Supporters argue using domestic coal would reduce dependence on imported oil from unstable parts of the world.
"It has the potential to be a meaningful supply of fuel that would take the price off of gasoline and diesel fuel and would take the dependence down on the Mideast," said Don Blankenship, chief executive of Massey Energy Co., the nation's fourth-largest coal producer by revenue.
Environmentalists contend conservation and energy efficiency would do the same thing. And they argue coal to liquids plants double the greenhouse gases of oil refining, consume of vast quantities of water and increase coal production.

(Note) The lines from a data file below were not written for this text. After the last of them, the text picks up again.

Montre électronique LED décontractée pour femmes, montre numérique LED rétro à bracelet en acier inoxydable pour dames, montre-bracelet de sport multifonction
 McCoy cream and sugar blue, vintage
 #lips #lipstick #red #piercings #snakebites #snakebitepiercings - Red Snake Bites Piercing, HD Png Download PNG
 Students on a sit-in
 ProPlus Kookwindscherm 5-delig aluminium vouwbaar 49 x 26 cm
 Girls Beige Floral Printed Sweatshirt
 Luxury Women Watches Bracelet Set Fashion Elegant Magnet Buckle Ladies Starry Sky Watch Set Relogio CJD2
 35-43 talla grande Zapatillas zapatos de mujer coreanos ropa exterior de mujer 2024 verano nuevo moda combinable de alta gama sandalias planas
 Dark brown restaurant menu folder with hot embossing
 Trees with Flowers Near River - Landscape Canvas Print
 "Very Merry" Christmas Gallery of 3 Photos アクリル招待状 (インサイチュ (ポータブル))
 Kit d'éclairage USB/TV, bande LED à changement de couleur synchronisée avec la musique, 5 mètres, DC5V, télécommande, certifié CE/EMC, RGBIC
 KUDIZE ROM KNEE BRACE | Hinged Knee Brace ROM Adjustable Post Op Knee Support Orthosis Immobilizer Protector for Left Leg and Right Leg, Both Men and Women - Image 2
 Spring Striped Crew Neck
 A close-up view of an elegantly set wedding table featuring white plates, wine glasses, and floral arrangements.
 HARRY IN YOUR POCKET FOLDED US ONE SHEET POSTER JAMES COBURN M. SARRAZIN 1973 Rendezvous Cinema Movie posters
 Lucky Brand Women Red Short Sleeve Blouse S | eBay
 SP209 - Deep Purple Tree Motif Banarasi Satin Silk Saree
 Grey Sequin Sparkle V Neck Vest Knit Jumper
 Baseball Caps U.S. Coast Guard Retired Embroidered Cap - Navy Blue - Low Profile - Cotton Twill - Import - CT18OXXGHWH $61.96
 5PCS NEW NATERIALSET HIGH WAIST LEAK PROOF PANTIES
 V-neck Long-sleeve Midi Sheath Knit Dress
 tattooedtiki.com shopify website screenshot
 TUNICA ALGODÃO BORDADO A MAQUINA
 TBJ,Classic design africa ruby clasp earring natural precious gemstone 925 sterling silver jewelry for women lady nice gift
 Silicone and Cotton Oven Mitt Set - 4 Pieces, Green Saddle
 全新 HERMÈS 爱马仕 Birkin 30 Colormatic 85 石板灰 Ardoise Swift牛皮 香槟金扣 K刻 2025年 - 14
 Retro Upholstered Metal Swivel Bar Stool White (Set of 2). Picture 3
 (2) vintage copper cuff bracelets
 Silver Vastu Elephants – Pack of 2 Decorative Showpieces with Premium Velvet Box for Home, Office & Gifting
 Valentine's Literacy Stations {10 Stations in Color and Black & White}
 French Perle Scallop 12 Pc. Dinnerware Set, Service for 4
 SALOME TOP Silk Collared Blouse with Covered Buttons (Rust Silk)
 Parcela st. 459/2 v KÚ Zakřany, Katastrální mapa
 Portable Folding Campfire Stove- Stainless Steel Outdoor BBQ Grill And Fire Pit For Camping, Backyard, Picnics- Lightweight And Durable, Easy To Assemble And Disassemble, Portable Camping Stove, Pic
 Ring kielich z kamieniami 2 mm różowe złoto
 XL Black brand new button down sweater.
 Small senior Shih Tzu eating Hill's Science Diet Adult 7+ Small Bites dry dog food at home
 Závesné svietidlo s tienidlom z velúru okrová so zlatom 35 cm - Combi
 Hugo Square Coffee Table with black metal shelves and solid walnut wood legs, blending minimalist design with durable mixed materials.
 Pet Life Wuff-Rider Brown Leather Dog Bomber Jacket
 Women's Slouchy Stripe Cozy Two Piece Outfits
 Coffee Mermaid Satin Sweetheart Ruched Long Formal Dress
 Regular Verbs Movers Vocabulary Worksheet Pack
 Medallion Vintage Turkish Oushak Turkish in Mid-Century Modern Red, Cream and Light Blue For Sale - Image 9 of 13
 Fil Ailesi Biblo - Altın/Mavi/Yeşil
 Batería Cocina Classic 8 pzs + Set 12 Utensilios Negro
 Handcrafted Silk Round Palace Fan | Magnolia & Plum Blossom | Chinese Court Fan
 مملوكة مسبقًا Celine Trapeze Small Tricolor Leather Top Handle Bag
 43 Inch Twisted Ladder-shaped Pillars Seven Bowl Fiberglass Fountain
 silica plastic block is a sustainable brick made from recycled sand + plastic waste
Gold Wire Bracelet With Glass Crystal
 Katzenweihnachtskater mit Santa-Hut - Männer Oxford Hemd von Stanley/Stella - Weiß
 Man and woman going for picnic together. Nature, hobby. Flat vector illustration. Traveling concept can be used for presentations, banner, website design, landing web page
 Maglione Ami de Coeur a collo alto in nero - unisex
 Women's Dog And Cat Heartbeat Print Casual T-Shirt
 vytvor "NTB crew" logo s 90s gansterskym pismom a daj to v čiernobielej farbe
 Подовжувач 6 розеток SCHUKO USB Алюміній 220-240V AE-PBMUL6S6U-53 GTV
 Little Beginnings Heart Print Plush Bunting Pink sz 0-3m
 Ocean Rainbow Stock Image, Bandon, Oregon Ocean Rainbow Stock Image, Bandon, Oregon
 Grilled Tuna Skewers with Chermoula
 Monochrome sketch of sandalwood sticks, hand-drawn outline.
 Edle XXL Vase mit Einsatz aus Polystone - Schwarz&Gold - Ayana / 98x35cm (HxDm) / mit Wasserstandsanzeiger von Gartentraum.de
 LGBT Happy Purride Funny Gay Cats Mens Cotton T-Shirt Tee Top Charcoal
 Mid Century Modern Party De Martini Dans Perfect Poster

"Why in heaven's name would we be subsidizing anything that's giving double the greenhouse gases?" said Vivian Stockman of the Ohio Valley Environmental Coalition. "It's basically a way to prop up the coal industry and give them more subsidies and hold people economic hostage."
Ramsbottom and others contend they'll be able to reduce overall carbon dioxide emissions by capturing the gas and selling it to oil producers to extend the life of aging wells, among other things. If several plants get off the ground quickly, they can actually cut down carbon emissions, he said.
"It actually increases your pollution and decreases safety not to do coal to liquids," he said, explaining that oil producing countries "don't care anything about the environment. ... It's so backwards I don't really know how to describe it."